WORK INSTRUCTION: From the line containing "Miliboo Stühle aus" to the last line of the records below, transcribe everything exactly, pictures excluded.
INPUT RECORDS: Begin
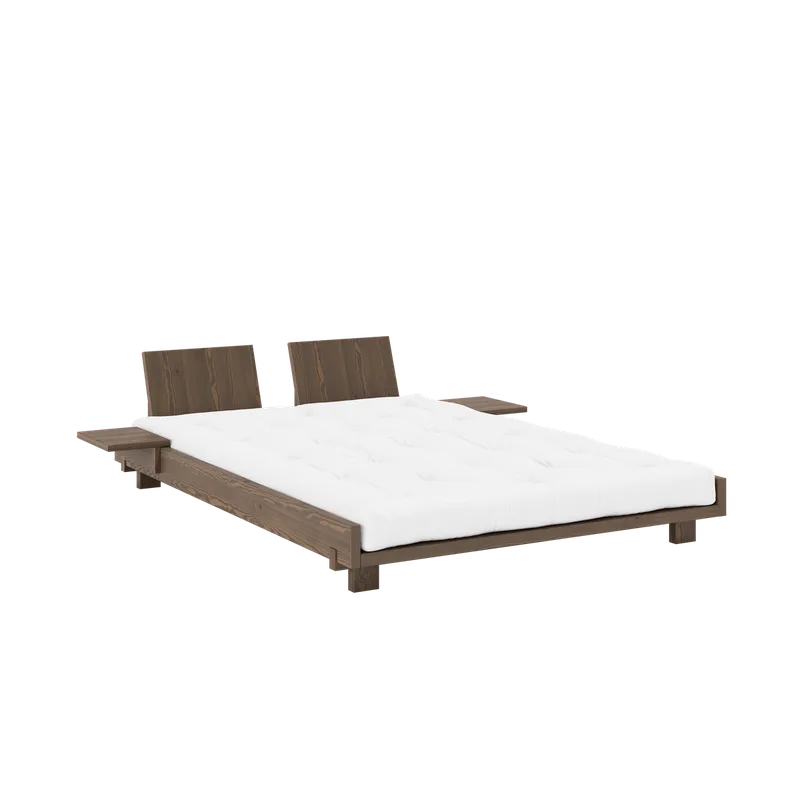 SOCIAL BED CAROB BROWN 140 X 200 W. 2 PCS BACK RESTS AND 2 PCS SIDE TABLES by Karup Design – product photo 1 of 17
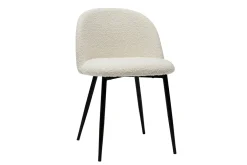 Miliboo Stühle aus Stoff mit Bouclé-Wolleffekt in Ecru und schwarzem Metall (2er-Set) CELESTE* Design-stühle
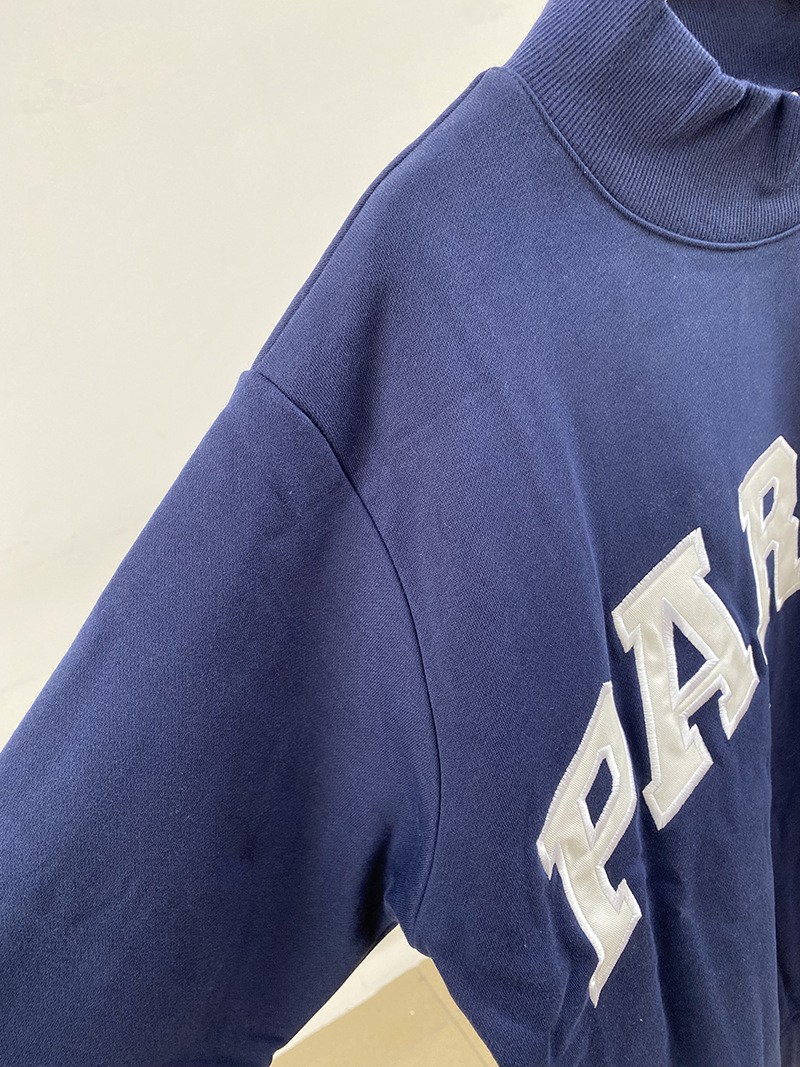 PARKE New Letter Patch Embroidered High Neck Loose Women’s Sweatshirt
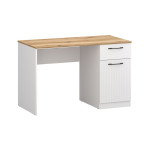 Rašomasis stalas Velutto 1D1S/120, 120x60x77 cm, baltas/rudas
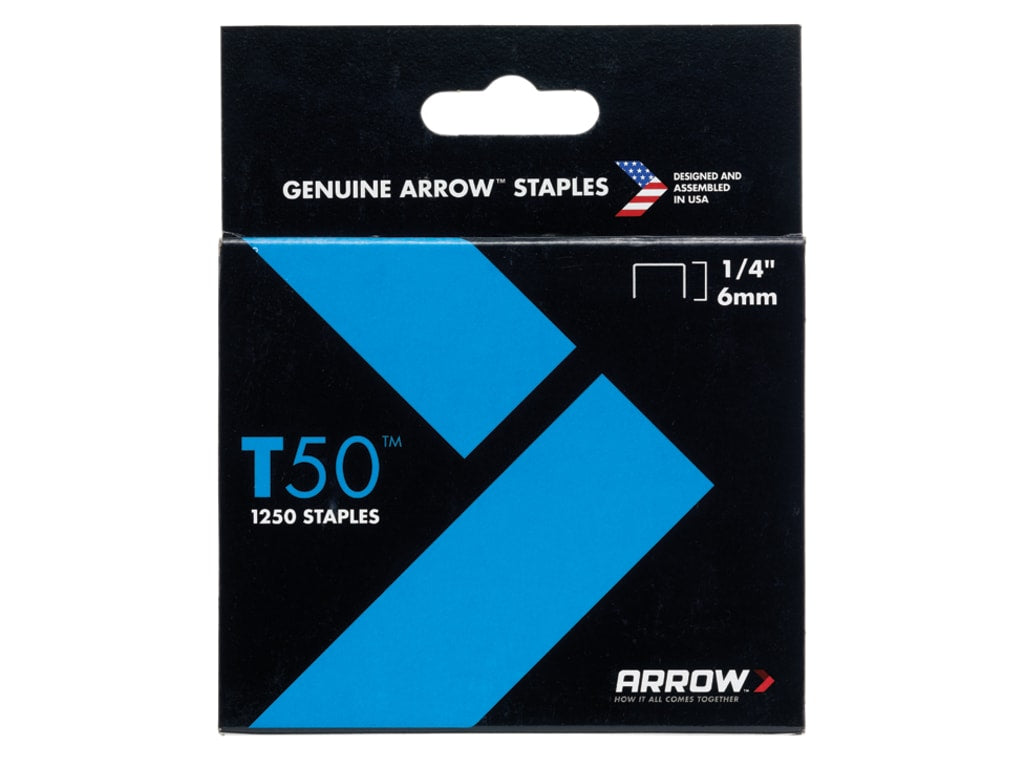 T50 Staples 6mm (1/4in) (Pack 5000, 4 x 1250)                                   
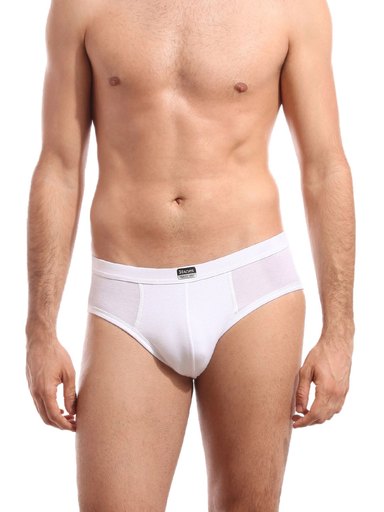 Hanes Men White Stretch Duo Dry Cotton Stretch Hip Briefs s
INPUT RECORDS: End
ANSWER BOX:
 Miliboo Stühle aus Stoff mit Bouclé-Wolleffekt in Ecru und schwarzem Metall (2er-Set) CELESTE* Design-stühle
 PARKE New Letter Patch Embroidered High Neck Loose Women’s Sweatshirt
 Rašomasis stalas Velutto 1D1S/120, 120x60x77 cm, baltas/rudas
 T50 Staples 6mm (1/4in) (Pack 5000, 4 x 1250)                                   
 Hanes Men White Stretch Duo Dry Cotton Stretch Hip Briefs s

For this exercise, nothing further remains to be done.